Ranked choice voting is where voters select several candidates, but rank them on most preferred versus least. Those rankings play in the final tally of the vote.
Last year, the group was formed through legislation. They’ve held several meetings in the past few months. The idea is to investigate having ranked choice voting for Illinois’ 2028 presidential primary.
Illinois’ panel heard from proponents like Abigail Drumm from the group FairVote Illinois. She addressed concerns that vote totals from such a system could come weeks after election day.
“It’s the exact same thing as doing what we do now because they are unofficial results, and yeah that may change as you get more ballots in, but that’s how elections work right now,” she said. “As you get more ballots in, the results may change.”
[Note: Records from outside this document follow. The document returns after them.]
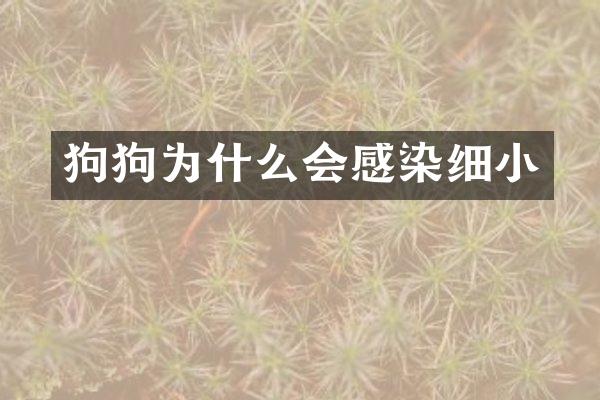 狗狗为什么会感染细小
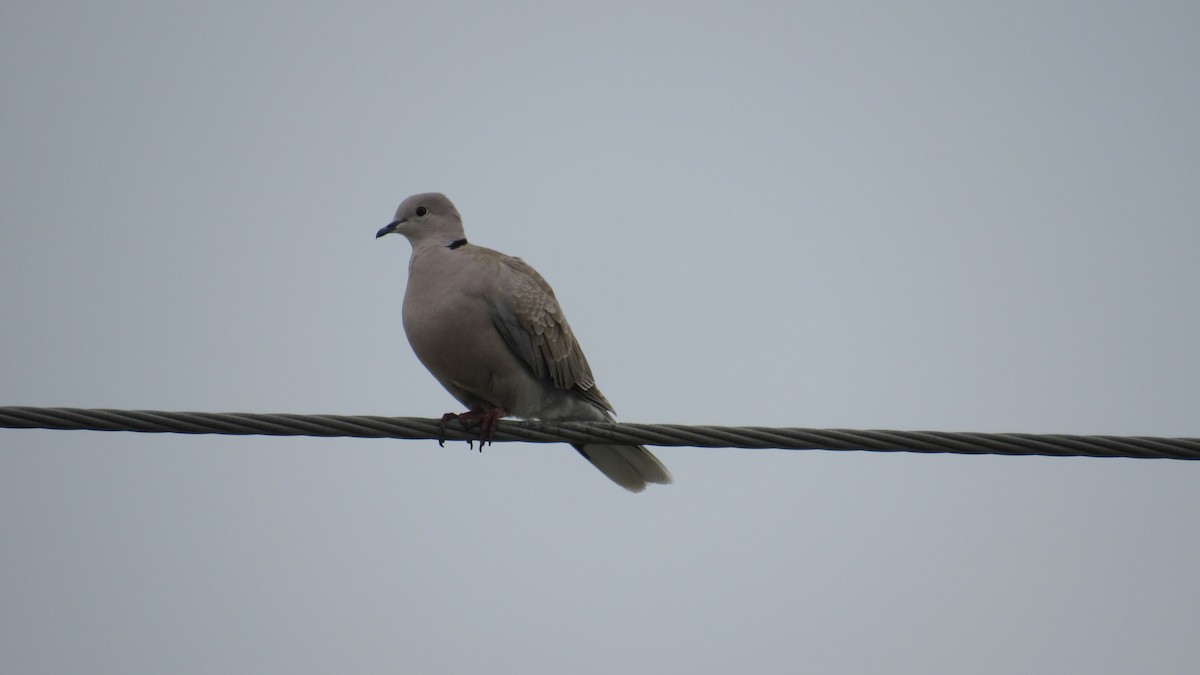 Eurasian Collared-Dove - ML103389011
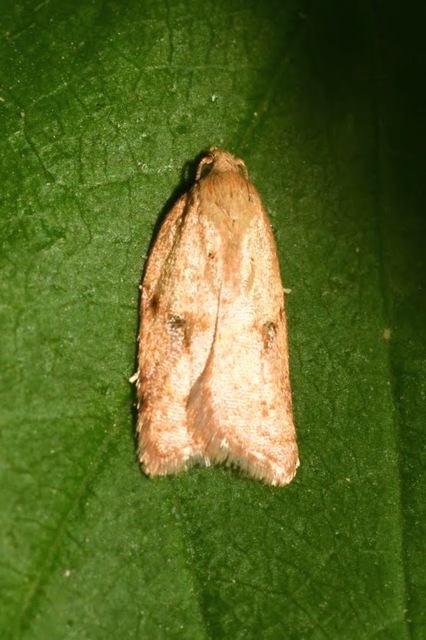 Acleris ferrugana - rozsdás levélmoly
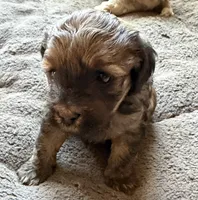 Johnny, a male Cockapoo for sale in Fredericksburg, VA – 1 of 3
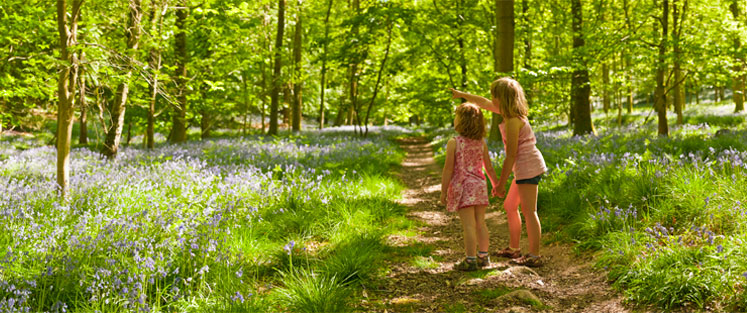 Two Children exploring a Nature Trail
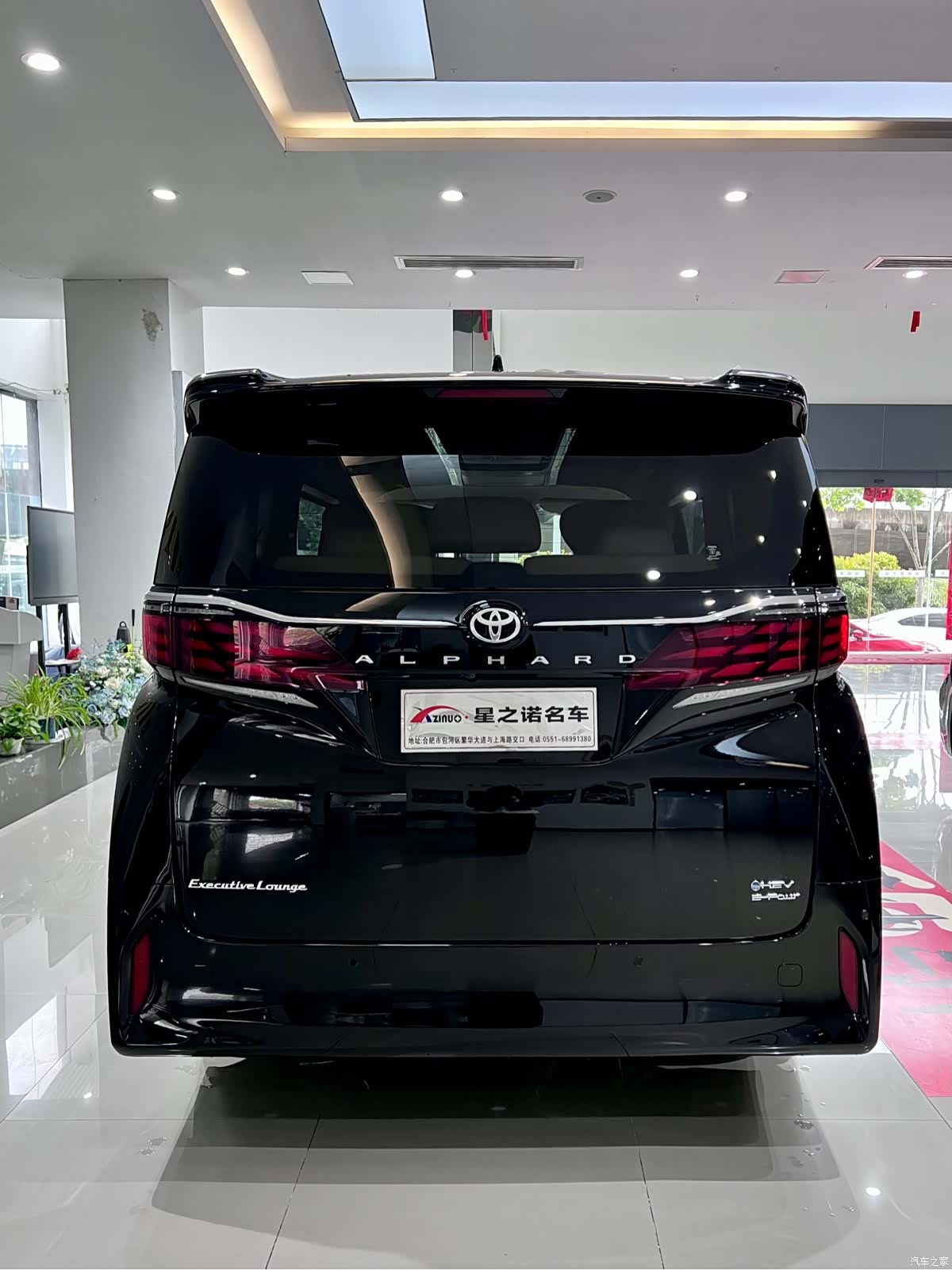 Toyota Alphard, 1900 14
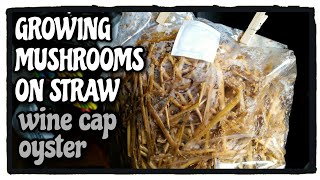 How to Grow Mushrooms Indoors on straw | Wine Cap and Oyster Mushrooms (RE: Silver Tree)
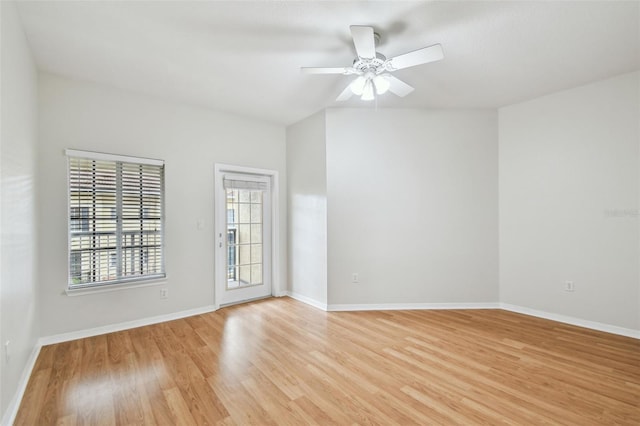 119 Beach Haven Ln, Tampa, FL 33609 - photo 36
Illinois takes up to two weeks to count ballots now, to ensure all ballots postmarked for election day have time to make it through the mail system.
But, there were concerns that ranked choice voting could compound concerns. Tazewell County Clerk John Ackerman said both sides already question election outcomes as is evident from 2016 and 2020.
Adding ranked choice to the mix may make things worse.
“We hear enough already when the vote count changes drastically as new votes are counted,” he said. “I can only imagine as we’re saying that candidates aren’t in there anymore, that they are in there, that would cause vast confusion throughout the state.”
Ackerman also said there has been little to no discussion about what it would cost taxpayers in new equipment, staff and training to upend the current process for a new one.
State Rep. Kam Buckner, D-Chicago, discussed his support for ranked choice voting.
“We should be using modern election machines and software and right now there are still counties in Illinois that are using paper ballots and we really need to move past that,” Buckner said.
Ackerman said every jurisdiction in the state must have paper ballots to audit by law. He also said a ranked choice system would force centralizing the state’s elections, something he’s heard as an election official is not the most secure.
“You would have to hack the elections in 109 different jurisdictions in order to successfully attack the Illinois election process,” Ackerman said. “So our diversity, we’ve heard from the feds, is actually our greatest strength.”
The next meeting of the group to finalize a report to the General Assembly is April 8.